Simulation of damage and failure processes of interpenetrating SiC/Al composites subjected to dynamic compressive loading

In the current study, a 3-D microscopic structural finite element (FE) model of interpenetrating SiC/Al composites (SiC/Al IPCs) is built, based on X-ray tomography and optimized methods for 3-D mesh generation. In addition, an interface model is introduced into the 3-D FE model to investigate the effects of the interfaces on the damage and failure processes, which includes a “tie-break contact” method at the SiC/Al interfaces. Subsequently, FE methods are applied to investigate the dynamic compression response of the 3-D FE model. To validate the numerical simulation results, the dynamic compression responses of SiC/Al IPCs are measured at strain rates of 2000 s−1 using a split Hopkinson pressure bar device.
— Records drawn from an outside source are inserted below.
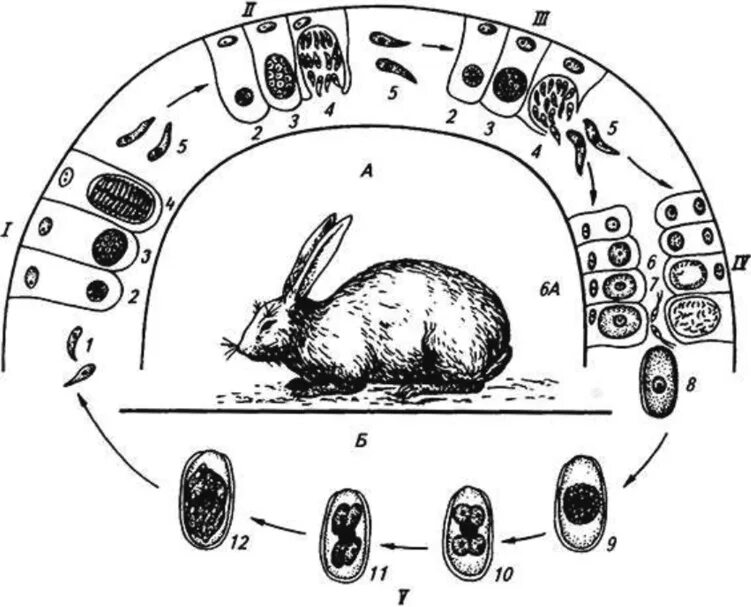 Жизненный цикл возбудителя. Эумериоз кроликов биологияразвиття. Эймериоз кроликов биология развития. Эймериоз кроликов биология возбудителя. Цикл развития эймерий кроликов.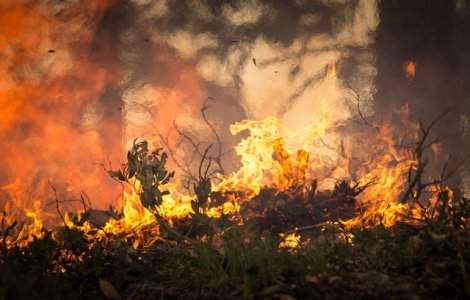 Incendii de vegetatie in Insula spaniola Gran Canaria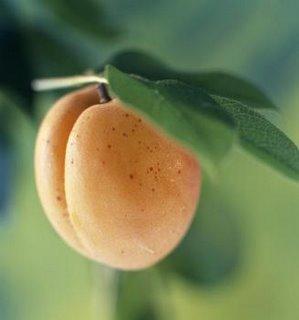 Droits de succession - suite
Our results show that failure of the SiC phase occurs just before the effective stress reaches its peak, but it plays a leading role in bearing the pre-metaphase stage of the load. From the point of energy dissipation, however, the contribution of Al phase cannot be ignored in the final stage of failure because the residual Al phase absorbs 30% of the energy of the global model by plastic deformation, even though its mass failure ratio is only 2%. Further microanalysis shows that the cracks initiate and propagate mainly near the SiC/Al interface, just on the side of the SiC ceramic phase. As the cracks extend further into the SiC phase, there appears a new “interface debonding” failure mode. These results show that brittle fracture of the SiC ceramic phase plays a key role in crack initiation, since the presence of complex 3-D SiC/Al interfaces usually causes the generated cracks to deflect before interconnecting with each other. This significantly retards propagation of the cracks, and thus increases the ductility of the composite materials. In the final stage of failure, the cracks are interconnected with each other in the SiC phase while the Al phase still maintains a degree of structural integrity. It is found that there exists obvious plastic deformation in local, relatively narrow, regions in the Al phase, and the local necking and tearing fractures tend to be localized in these severely deformed regions. Numerical simulation results are consistent with the observed behavior.